Captioned web image data -
· · · ·
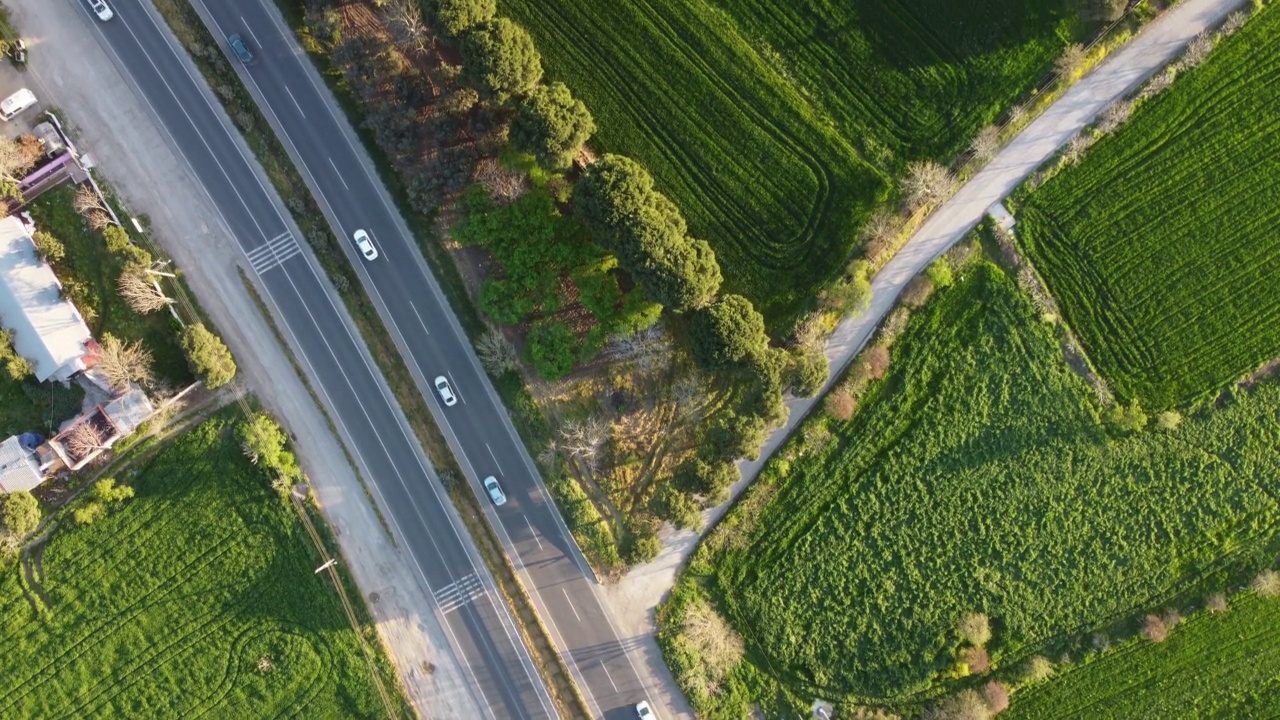 乡村公路的鸟瞰图视频素材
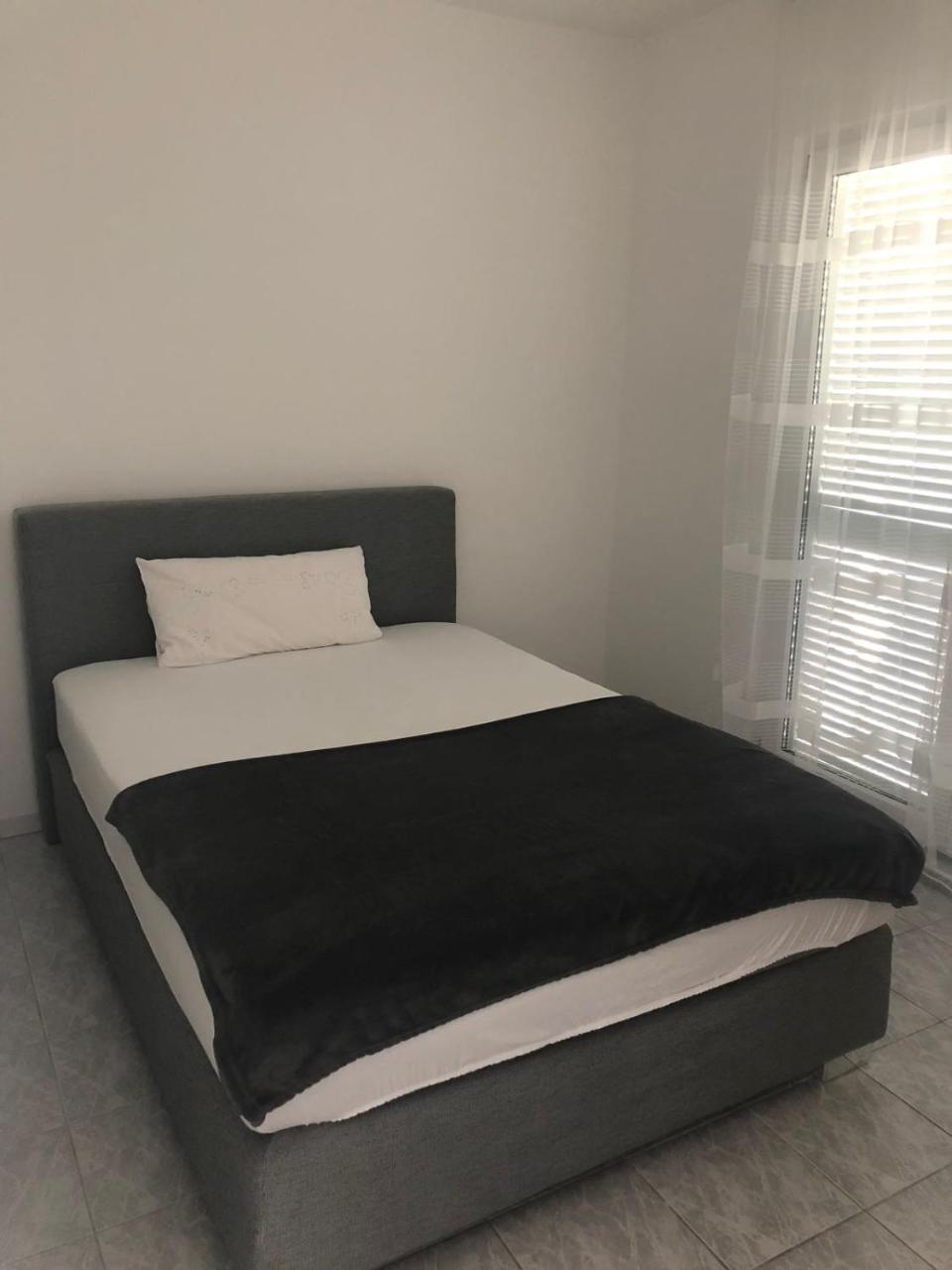 Apartman Ylli Nečujam Εξωτερικό φωτογραφία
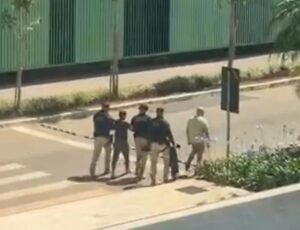 Homem tenta entrar no STF e diz ser “imperador das Forças Armadas”; veja vídeo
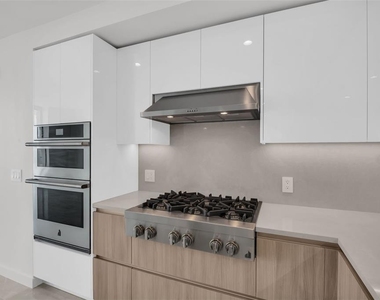 400 Central Avenue - Photo Thumbnail 7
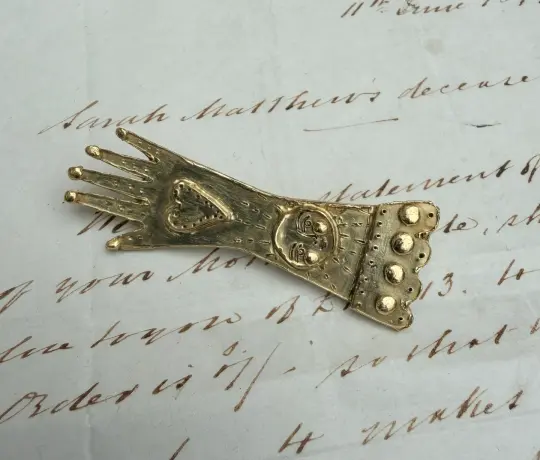 Lucky Glove Brass Brooch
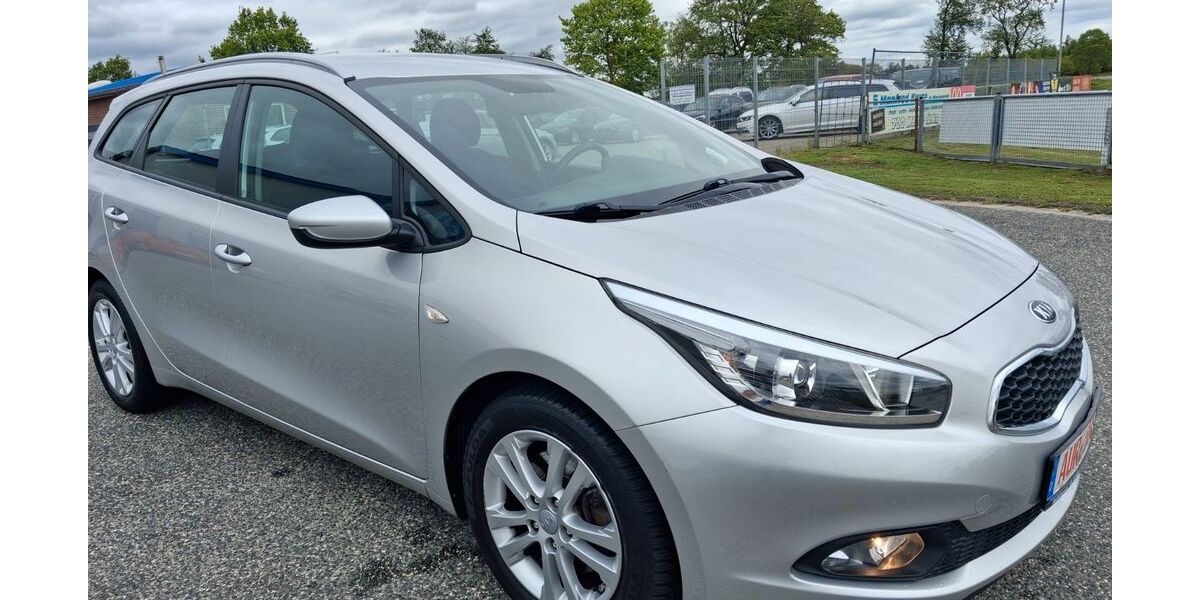 Kia ceed Sportswagon 83.000 km 9.650 &euro; Upgant- Schott 26529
· · · ·
What to work on -
Would you write each entry out again exactly, omitting the images?

Solution for this problem -
 乡村公路的鸟瞰图视频素材
 Apartman Ylli Nečujam Εξωτερικό φωτογραφία
 Homem tenta entrar no STF e diz ser “imperador das Forças Armadas”; veja vídeo
 400 Central Avenue - Photo Thumbnail 7
 Lucky Glove Brass Brooch
 Kia ceed Sportswagon 83.000 km 9.650 &euro; Upgant- Schott 26529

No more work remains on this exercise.